Culinária | Igor Klaumann

Invenção, arte e glória do carpaccio do Harry´s Bar, de Veneza

Já passou um pouco o entusiasmo gastronômico pelo carpaccio, mas ele permanece campeão de pedidos entre as entradas oferecidas pelos restaurantes do mundo.

Embora tenha nascido à base de carne bovina, ou seja, de lâminas finas de contrafilé cru, sem nervos e gorduras, cortadas no sentido contrário às fibras e dispostas no prato como se fossem cartas de baralho, hoje leva de tudo. Inventaram o carpaccio de salmão, atum, bacalhau, haddock, polvo, frutos do mar, língua de vitelo, pato, queijo, cogumelo, abobrinha, berinjela, beterraba, tomate, maçã, maracujá, melancia e… ufa!.

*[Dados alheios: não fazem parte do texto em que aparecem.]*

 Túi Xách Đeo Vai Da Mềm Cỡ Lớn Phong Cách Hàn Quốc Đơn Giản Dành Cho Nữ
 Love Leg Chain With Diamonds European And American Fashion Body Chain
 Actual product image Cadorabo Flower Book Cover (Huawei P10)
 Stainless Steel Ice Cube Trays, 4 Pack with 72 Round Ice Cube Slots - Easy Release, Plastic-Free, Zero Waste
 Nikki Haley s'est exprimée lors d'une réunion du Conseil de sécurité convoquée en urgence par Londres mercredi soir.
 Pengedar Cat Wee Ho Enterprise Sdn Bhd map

O prato surgiu enriquecido por uma discreta cobertura de maionese, molho inglês, suco de limão, leite e pimenta branca moída, desenhada em formato de grade, com o garfo. Hoje, recebe os mais diferentes molhos, que vão da pitanga com vinagre ao vinagrete de framboesa ou cambuci; do pesto de rúcula ao de mostarda com alcaparras etc. ”Que me desculpem o preciosismo, mas a carne bovina crua é um ingrediente que não pode faltar na receita, pela aparência e sabor”, sustenta Massimo Ferrari, cujo famoso restaurante homônimo, que funcionou em São Paulo de 1976 a 2013, teve carpaccio no cardápio desde o primeiro dia. “Seria o mesmo que preparar o spaghetti sem a massa de farinha de trigo”.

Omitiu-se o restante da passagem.